Cette exposition vaut bien la peine de prendre le train à la gare du Nord jusqu’à la vieille station L’Isle-Adam-Parmain inaugurée en 1846. L’intérieur des nouveaux trains de banlieue, climatisés, fait qu’on se croirait dans un Airbus, la place en plus. La ville est jolie, il fait bon s’y promener sur ses ponts, bader sur sa plage qui a toute une histoire ou sur les chemins qui longent l’Oise et ses différents bras d’eau. Le contexte est parfait. le musée est à deux pas de la gare. C’est le retour à Paris et son délabrement qui est plus difficile.
PHB
« Pierre Gatier, de l’élégance parisienne aux rives de l’Oise », musée d’Art et d’Histoire Louis-Senlecq, l’Isle-Adam, jusqu’au 3 octobre
Merci de nous faire connaître cet artiste. J’ai cependant du mal avec votre conclusion « partisane », j’allais écrire « parisane »… Vous rentrez de la banlieue la plus chic, la moins encline à se mixer socialement… et vous comparez avec Paris. Bravo la rigueur intellectuelle…
Pour les lecteurs des Soirées, je rappelle que le maire de L’Isle Adam est le fils de Michel Poniatowski, le prince Axel (s’il est l’aîné des Ponia), et qu’on est loin de la misère de la porte de la Chapelle et du boulevard de Stalingrad.

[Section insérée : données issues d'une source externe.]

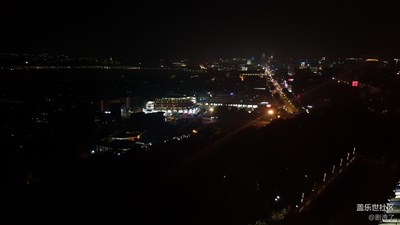 S7edge、Note5邂逅城隍閣——新舊旗艦夜拍對(duì)比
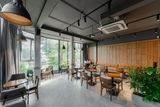 Loa Goldsound cho KAI Coffee - 07St, Quận Bình Tân, TP HCM, amply 2 kênh 1200w, bluetooth 5.0, loa V40C-40w, loa được thiết kế riêng cho quán, bật lớn không tạp âm, miễn phí công lắp đặt, bảo hành dài hạn 5 năm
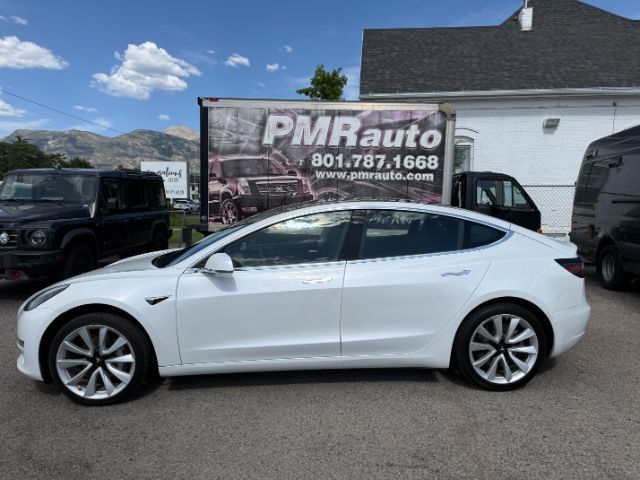 2020 Tesla Model 3 Standard Range Plus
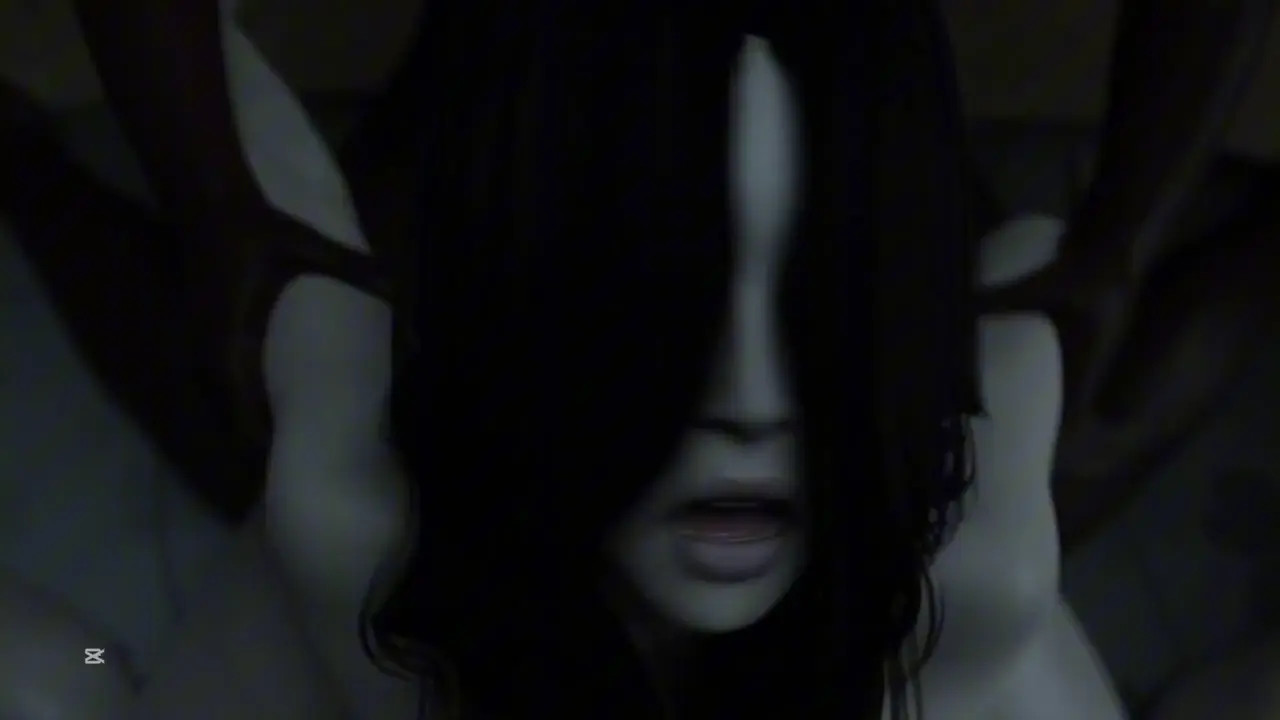 SSS - Spooky Slutty Sex [Sadako HMV]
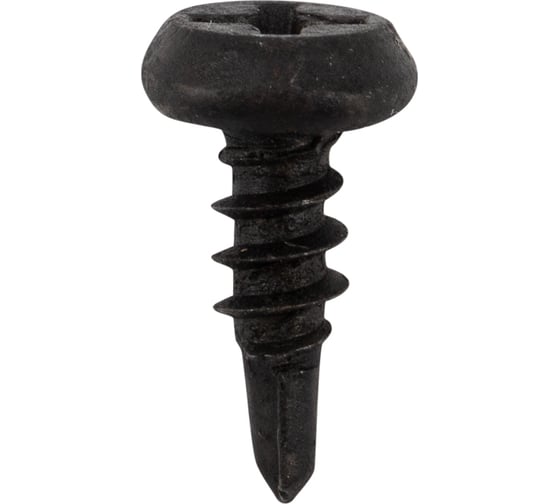 Саморез для металлических конструкций KRANZ сверло, 3.5x9.5, 25000 шт. 1163-3595-1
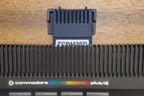 Cart Couch used with TCBM2SD cartridge in a Plus/4, top view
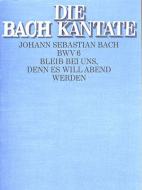 Bleib bei uns, denn es will Abend werden Download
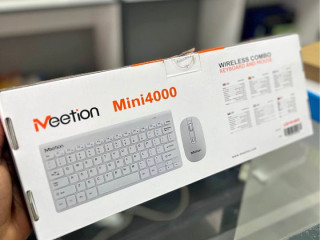MEETION MINI400 WIRELESS COMBO KEYBOARD AND MOUSE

Si l’État voulait que Paris rayonne, je vous ai expliqué une fois, que c’est lui qui a l’argent pour la plupart des monuments et infrastructures parisiennes et qu’il est responsable de la politique à l’encontre des migrants. S’il laisse dépérir Paris, c’est sans doute pour nuire à not’brave maire réélue contre son gré, qui,elle, fait ce qu’elle peut en laissant les milliardaires installer leurs collections d’art là où ils l’entendent… Cela donne la Bourse du Commerce Pinault, la fondation Arnault ( Arnaut qui installe Dior à côté de Vuitton sur les champs). Voilà un Paris qui rutile et qui n’est pas à l’abandon ! Bien au contraire !
Et l’on attend la résurrection bobo chic de la Samaritaine !
Bernard Arnault , la fondation Arnault , François Pinault
même combat avec l devant t .
Pierre Gatier fut un remarquable aquarelliste, chroniqueur de la vie parisienne, mais aussi peintre de la marine. Il est amusant de penser qu’il travailla à la dissimulation des navires. L’ article est très riche et intéressant maisje suis en accord avec Monsieur Person à propos de la conclusion, Paris n’ a rien d’ une » ville en ruines », mythe développé par les poètes ainsi que l’ écrit Giovanni Macchia.